Parla l’attrice Ana Asensio, al Nightmare Film Fest con il suo debutto alla regia

Acclamato dalla critica, “Most beautiful island” è un lavoro sociale e indipendente, su una giovane immigrata senza documenti che arriva a mettere in pericolo la sua vita

MOST BEAUTIFUL ISLAND Ana Asensio 1

Ana Asensio

Come Luciana, la protagonista del suo film, era molto giovane quando ha messo poche cose in valigia e da Madrid è volata a New York. Ana Asensio ha salutato famiglia, amici, paese natale e si è trasferita nella Grande Mela alla caccia del suo personale sogno americano. Un viaggio, un percorso di vita che la regista mette al centro di Most Beautiful Island, suo esordio alla regia.
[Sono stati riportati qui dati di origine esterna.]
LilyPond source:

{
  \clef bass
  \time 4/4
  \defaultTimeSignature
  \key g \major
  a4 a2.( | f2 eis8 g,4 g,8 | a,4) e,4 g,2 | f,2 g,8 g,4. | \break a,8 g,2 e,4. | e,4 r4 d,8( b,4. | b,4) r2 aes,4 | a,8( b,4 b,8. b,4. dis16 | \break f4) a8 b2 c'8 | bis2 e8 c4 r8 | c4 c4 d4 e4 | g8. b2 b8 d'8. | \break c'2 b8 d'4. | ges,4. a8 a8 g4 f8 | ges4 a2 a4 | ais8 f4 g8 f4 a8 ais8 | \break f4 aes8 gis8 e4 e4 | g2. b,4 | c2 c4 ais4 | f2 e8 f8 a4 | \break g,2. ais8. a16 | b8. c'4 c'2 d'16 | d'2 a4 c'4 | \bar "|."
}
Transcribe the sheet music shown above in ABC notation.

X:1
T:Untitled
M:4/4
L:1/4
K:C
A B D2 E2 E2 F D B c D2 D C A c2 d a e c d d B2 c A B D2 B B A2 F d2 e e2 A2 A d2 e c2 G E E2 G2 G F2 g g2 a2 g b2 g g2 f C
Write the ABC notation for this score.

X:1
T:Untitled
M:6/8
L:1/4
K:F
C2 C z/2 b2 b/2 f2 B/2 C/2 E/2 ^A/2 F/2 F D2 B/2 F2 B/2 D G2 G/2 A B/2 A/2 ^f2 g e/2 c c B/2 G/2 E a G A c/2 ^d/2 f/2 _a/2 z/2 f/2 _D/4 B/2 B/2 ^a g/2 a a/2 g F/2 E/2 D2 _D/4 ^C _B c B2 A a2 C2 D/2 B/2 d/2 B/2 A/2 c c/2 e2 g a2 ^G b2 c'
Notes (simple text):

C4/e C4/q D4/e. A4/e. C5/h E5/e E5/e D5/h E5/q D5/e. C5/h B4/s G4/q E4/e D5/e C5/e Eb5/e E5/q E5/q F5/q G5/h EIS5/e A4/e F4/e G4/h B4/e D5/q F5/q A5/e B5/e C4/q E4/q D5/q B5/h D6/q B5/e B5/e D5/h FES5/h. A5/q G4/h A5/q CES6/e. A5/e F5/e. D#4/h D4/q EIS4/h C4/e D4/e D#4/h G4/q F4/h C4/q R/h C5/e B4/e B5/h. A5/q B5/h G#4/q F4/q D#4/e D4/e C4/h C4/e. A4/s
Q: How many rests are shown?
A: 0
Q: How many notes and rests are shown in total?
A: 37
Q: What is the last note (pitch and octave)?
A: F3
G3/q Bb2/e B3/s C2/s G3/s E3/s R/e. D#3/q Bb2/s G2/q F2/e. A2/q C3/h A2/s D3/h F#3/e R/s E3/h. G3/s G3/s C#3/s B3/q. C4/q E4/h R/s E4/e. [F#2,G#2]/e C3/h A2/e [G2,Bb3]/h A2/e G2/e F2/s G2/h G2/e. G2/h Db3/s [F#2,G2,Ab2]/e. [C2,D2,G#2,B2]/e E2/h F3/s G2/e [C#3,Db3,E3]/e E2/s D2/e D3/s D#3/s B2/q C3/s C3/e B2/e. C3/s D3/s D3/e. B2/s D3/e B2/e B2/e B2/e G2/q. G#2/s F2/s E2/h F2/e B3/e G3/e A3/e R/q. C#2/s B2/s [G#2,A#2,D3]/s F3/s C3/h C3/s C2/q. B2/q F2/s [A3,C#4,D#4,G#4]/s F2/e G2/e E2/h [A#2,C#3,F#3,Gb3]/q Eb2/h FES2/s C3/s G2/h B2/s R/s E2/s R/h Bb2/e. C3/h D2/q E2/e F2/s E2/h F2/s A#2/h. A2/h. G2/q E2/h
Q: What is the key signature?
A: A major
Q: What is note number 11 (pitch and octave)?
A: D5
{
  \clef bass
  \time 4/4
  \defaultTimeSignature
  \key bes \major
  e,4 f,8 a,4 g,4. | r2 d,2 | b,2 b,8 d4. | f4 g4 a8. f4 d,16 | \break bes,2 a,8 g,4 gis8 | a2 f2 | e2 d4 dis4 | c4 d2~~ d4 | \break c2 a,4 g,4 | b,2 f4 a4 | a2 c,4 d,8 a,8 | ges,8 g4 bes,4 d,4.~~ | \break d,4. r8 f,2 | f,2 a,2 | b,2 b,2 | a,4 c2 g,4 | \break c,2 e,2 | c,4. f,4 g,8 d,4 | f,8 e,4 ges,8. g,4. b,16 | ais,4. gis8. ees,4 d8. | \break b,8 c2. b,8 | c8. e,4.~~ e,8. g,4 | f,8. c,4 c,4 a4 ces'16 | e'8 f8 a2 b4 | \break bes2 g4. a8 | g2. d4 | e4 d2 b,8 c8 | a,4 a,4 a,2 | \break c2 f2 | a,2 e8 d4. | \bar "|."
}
Conosciuta come attrice per serie TV e film (The Afterlight, Zenith, The Archive), vincitrice al United Solo Theatre Festival di New York col monologo Mica’s Skin, dal best-seller spagnolo di Paloma Bravo, Ana debutta con un potente thriller psicologico, girato in 16mm, che ha fatto gridare ai critici i nomi di Polański e Cassavetes, una lucida riflessione sulle difficoltà del vivere tra le occasioni e di pericoli della grande città, specie se si è stranieri e senza documenti, specie se si è disposti a tutto pur di sopravvivere.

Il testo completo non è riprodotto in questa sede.